Package com.nimbusds.oauth2.sdk.client

Class RedirectURIValidator

java.lang.Object

com.nimbusds.oauth2.sdk.client.RedirectURIValidator

public final class RedirectURIValidator
extends Object

Redirection URI validator.

Field Summary

Fields

Modifier and Type	Field	Description
static final Set<String>	PROHIBITED_REDIRECT_URI_QUERY_PARAMETER_NAMES	Prohibited redirect_uri query parameters.
static final Set<String>	PROHIBITED_REDIRECT_URI_SCHEMES	Prohibited redirect_uri schemes.

Method Summary

Modifier and Type	Method	Description
static void	ensureLegal(URI redirectURI)	Ensures the specified redirection URI is legal.

Methods inherited from class java.lang.Object

clone, equals, finalize, getClass, hashCode, notify, notifyAll, toString, wait, wait, wait

Field Details

PROHIBITED_REDIRECT_URI_SCHEMES

public static final Set<String> PROHIBITED_REDIRECT_URI_SCHEMES

Prohibited redirect_uri schemes. See https://security.lauritz-holtmann.de/post/sso-security-redirect-uri/.

PROHIBITED_REDIRECT_URI_QUERY_PARAMETER_NAMES

public static final Set<String> PROHIBITED_REDIRECT_URI_QUERY_PARAMETER_NAMES

Prohibited redirect_uri query parameters. See "OAuth 2.0 Redirect URI Validation Falls Short, Literally", by Tommaso Innocenti, Matteo Golinelli, Kaan Onarlioglu, Bruno Crispo, Engin Kirda. Presented at OAuth Security Workshop 2023.

Method Details

ensureLegal

public static void ensureLegal(URI redirectURI)

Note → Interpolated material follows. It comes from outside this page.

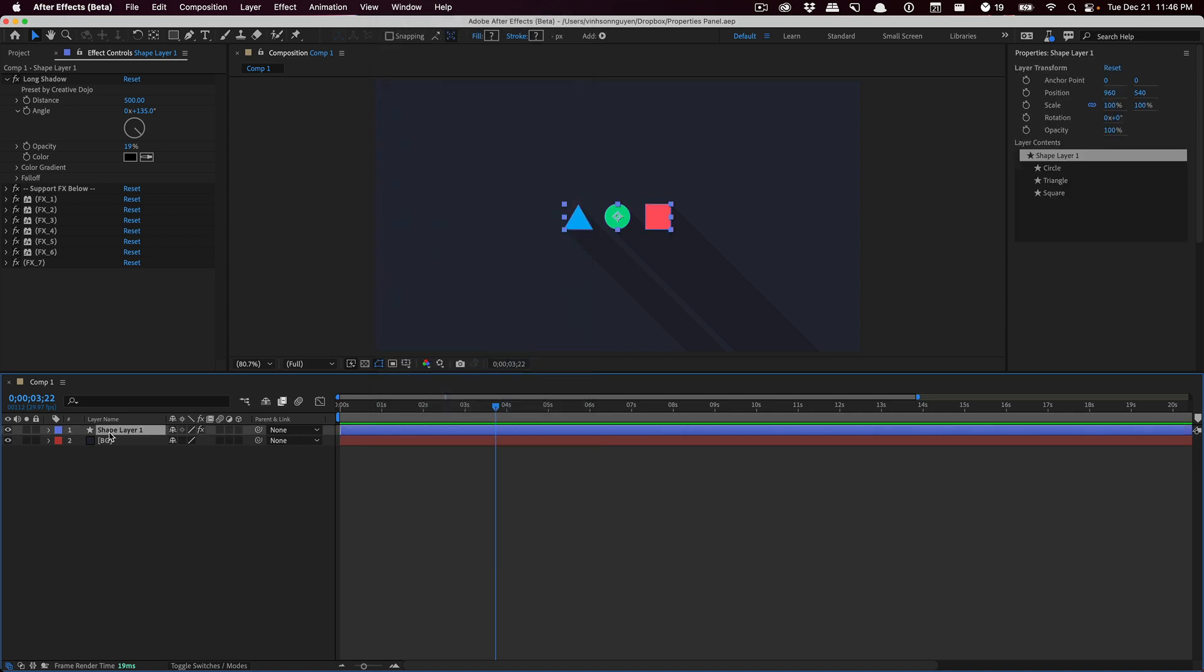If I select my shape layer, you'll see that we have some basic controls. The first right here is for the layer transform. No matter which layer you're selecting - whether it's a solid layer, shape layer, text layer, whatever layer you have - you'll bring up the layer transform at the very top. This includes basic properties like position, scale, rotation, opacity, and anchor point.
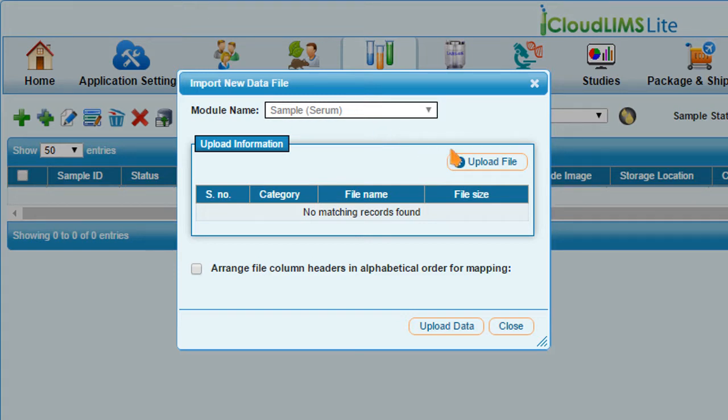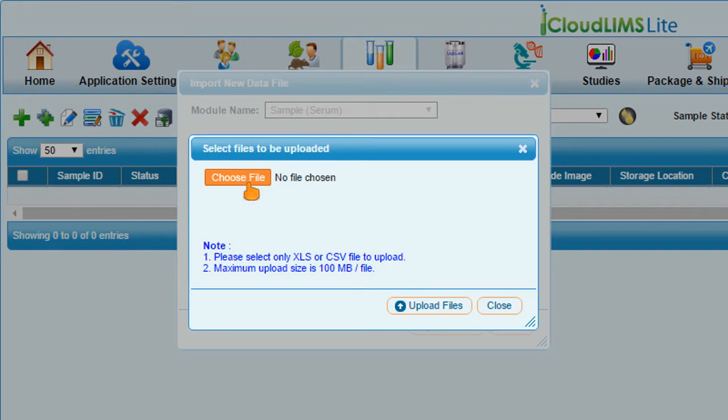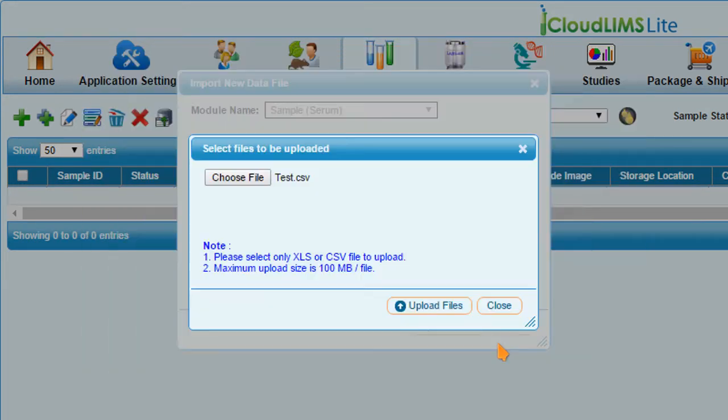click the Upload File button to browse for the .csv or .xls file that contains the data to be imported. Click Choose File, select the file, and then Upload Files.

Ensures the specified redirection URI is legal.

The URI:

• Must not contain fragment;
• Must not have a prohibited URI scheme;
• Must not have a prohibited query parameter.

Parameters:

redirectURI - The redirect URI to check, null if not specified.

Throws:

IllegalArgumentException - If the redirection URI is illegal.